Visto al cinema – Il Colore della Libertà

Film del 2020, diretto da Barry Alexander Brown, storico montatore delle opere di Spike Lee, che qui svolge il ruolo di produttore esecutivo. La trama si basa sul libro di memorie di Bob Zellner, personaggio protagonista del film e attivista, da uomo bianco del sud degli USA, del movimento per i diritti civili. Siamo nei primi anni ’60 del secolo scorso, da poco Rosa Parks è stata arrestata per aver occupato un posto sul pullman riservato ai bianchi ed essersi rifiutata di liberarlo e sono in corso le manifestazioni dei Freedom Riders.

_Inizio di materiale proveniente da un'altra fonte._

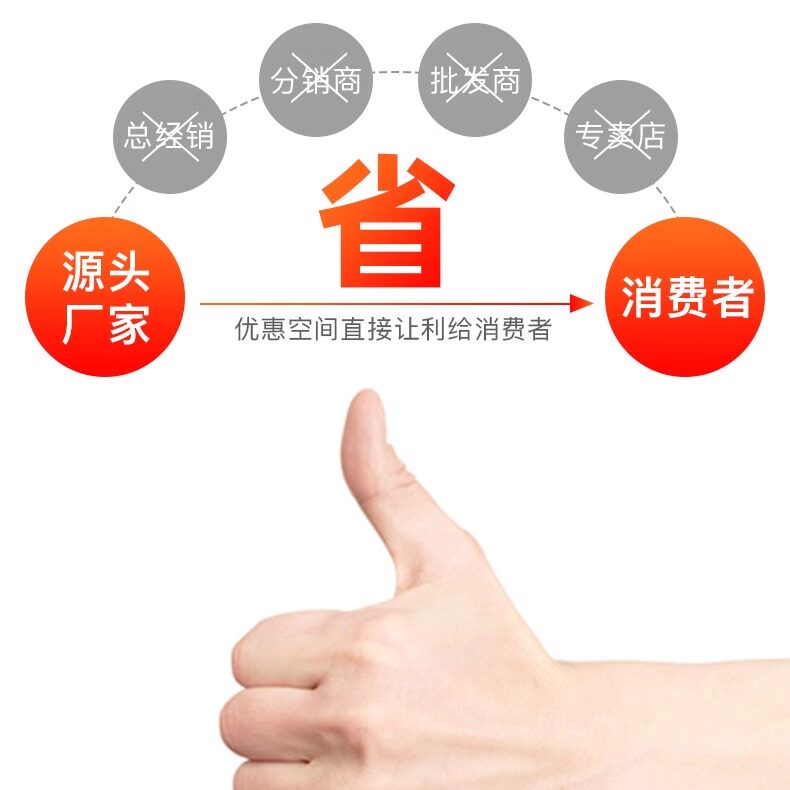 塑料托盘厂家批发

Bob è uno studente liceale di una cittadina dell’Alabama che, assieme ad un gruppo di compagni, produce una tesina sulle relazioni razziali. Ciò lo porta ad avvicinarsi alla locale comunità afroamericana e a prendere coscienza delle ingiustizie cui devono sottostare le persone di colore. Questi rapporti trovano una ferma condanna da parte della famiglia (il padre è un pastore protestante liberal, ma il nonno è un membro influente del Ku Klux Klan), della scuola e della polizia, che cerca, non riuscendoci, di arrestare Bob e i suoi compagni, rei di aver partecipato, per scopi di ricerca, ad una riunione pacifica della comunità afroamericana.

Anche la fidanzata di Bob è contraria a questa attività, perché teme le conseguenze che l’impegno potrà avere sulla carriera universitaria e lavorativa del ragazzo e, quindi, sul futuro della coppia. Difatti, lo studente, inizialmente, è restio ad impegnarsi per i diritti degli afroamericani, ma la progressiva presa di coscienza delle ingiustizie patite da questi ultimi, lo spingerà sempre più a diventare un attivista, patendo il disprezzo e le minacce della comunità di origine e, in certi frangenti, la diffidenza degli altri attivisti di colore.

Il film è ben costruito, riesce a descrivere l’atmosfera di quei tempi e di quei luoghi, non mancando di indurre momenti di indignazione per le bestialità perpetrate. C’è, però, qualcosa che non convince, manca una certa tensione e la conseguente rabbia e anche il Ku Klux Klan è ridotto a poco più che un fenomeno folcloristico. L’approccio complessivo mi è sembrato un po’ timido, con poca tensione, piatto. Un film, se vogliamo anche gradevole, che tralascia di approfondire, limitandosi alla cronaca e che, in certi momenti, scade in un'”americanata”.